Termination of Employee for Misconduct: Case - 2


In order to ensure that termination is not bitter, or acrimonious, or leads to protracted legal disputes the employer and employee must try to insert specific grounds for termination in the employment contract. In certain cases, the employer has been held liable to pay compensation, solely on the basis of a sentence under the contract. For example, in Avineshwar Sawhney v. J. K. Industries Limited the employer had terminated the employment. The employment contract provided that the employee was hired for a period of five years, and the termination would be carried on grounds of misconduct and breach. The employee was hired in 1975 for a period of five years. The employment was terminated in 1977 and the employee sued the employer and sought arrears of salary from 1977 till 1981 for wrongful termination.

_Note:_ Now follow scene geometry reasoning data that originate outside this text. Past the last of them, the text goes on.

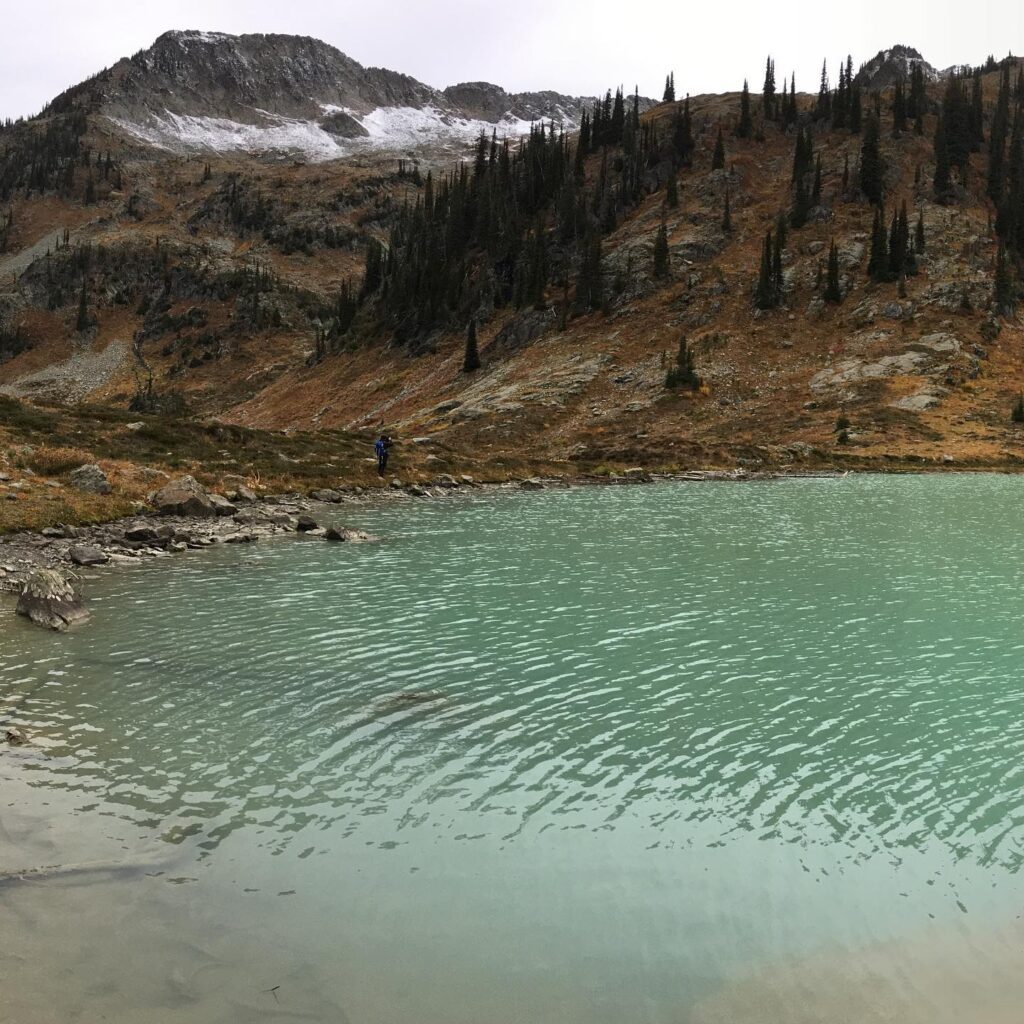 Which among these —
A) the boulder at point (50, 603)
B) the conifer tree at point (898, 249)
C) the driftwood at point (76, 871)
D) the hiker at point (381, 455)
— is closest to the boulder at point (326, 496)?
the hiker at point (381, 455)

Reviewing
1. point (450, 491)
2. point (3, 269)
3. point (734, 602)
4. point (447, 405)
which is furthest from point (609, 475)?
point (3, 269)

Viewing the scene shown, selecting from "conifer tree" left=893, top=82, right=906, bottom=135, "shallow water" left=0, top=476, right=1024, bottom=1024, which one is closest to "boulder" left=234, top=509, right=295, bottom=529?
"shallow water" left=0, top=476, right=1024, bottom=1024

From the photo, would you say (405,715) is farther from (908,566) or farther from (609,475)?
(609,475)

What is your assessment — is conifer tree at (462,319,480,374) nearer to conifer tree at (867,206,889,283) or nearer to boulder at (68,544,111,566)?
conifer tree at (867,206,889,283)

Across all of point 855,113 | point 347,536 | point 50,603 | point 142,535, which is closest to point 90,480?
point 142,535

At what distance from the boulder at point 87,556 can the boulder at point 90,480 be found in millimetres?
9699

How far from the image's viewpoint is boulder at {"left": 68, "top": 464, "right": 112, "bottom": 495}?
32.1 meters

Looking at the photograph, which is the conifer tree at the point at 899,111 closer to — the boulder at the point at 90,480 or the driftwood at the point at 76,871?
the boulder at the point at 90,480

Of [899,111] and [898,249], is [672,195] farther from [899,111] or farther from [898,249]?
[899,111]

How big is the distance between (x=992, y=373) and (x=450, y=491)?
58.9 m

The lower court held the employer could terminate the employment; however, the appellate court reversed the decision and held the termination wrongful. The primary contention of employee, accepted by the court, was that the clause provided that the employer shall not ordinarily terminate the employment. The court had further held that termination of the employee can indeed be carried out on subjective considerations; however, the subjective considerations must be based on objective facts. This case has been discussed further ahead. It is, therefore, pertinent that the employer very carefully considers the provisions under the contract, and factors in judicial precedents, before proceeding to terminate.